Sign In or Create an Account.

By continuing, you agree to the Terms of Service and acknowledge our Privacy Policy

Podcast

What Senator Brian Schatz Wants Climate Advocates to Know

Rob and Jesse talk Trump, contracts, and climate messaging with the lawmaker from Hawaii.

Brian Schatz.
Heatmap Illustration/Getty Images

The first few weeks of the new Trump administration have seen an onslaught of anti-climate actions: an order punishing the wind industry, an attempted reversal of the Environmental Protection Administration’s climate authority, and a brazen — and possibly unconstitutional — attempt to freeze all spending under Biden’s climate laws. Democrats’ climate legacy seems to be under assault. How will they respond?

Senator Brian Schatz has represented Hawaii in the U.S. Senate since 2010. He is the chief deputy whip for the Democratic Party. A self-described climate hawk, he helped shape what became the Inflation Reduction Act, and he has emerged as an early voice of opposition to the second Trump administration. He was previously Hawaii’s lieutenant governor and a state lawmaker.

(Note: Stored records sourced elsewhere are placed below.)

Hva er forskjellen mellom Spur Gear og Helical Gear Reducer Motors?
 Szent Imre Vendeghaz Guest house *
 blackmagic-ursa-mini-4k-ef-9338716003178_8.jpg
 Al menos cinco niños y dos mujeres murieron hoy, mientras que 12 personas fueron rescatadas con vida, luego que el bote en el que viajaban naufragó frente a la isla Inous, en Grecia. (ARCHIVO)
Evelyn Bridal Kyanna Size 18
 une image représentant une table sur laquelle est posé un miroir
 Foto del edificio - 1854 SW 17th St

On this week’s episode of Shift Key, Rob and Jesse talk to Schatz about congressional Democrats’ plan to push back against Trump, what the clean energy industry needs to do for the next four years, and whether this climate backlash to Trump should be different than the last one. Shift Key is hosted by Jesse Jenkins, a professor of energy systems engineering at Princeton University, and Robinson Meyer, Heatmap’s executive editor.

Subscribe to “Shift Key” and find this episode on Apple Podcasts, Spotify, Amazon, or wherever you get your podcasts.

You can also add the show’s RSS feed to your podcast app to follow us directly.

Here is an excerpt from our conversation:

Jesse Jenkins: What can Democrats or others in opposition do to shorten that timeline, so that there is a political cost that’s felt more expediently and they do pull back from this kind of effort?

Brian Schatz: Look, I think there is strength in numbers, and so I think everyone has to — like, we can’t do this in secret, because everybody’s too afraid of being targeted. And you know, I’ve just experienced this over the last two weeks. Everyone is … you know, doesn’t want to poke their head up because the nail that stands up is pounded down. And that’s how autocrats work, right? Is that if you stand up for the rule of law, if you stand up and say, hey, I don’t think this is a good decision, then you are putting your own personal, professional safety at risk. And so there is strength in numbers.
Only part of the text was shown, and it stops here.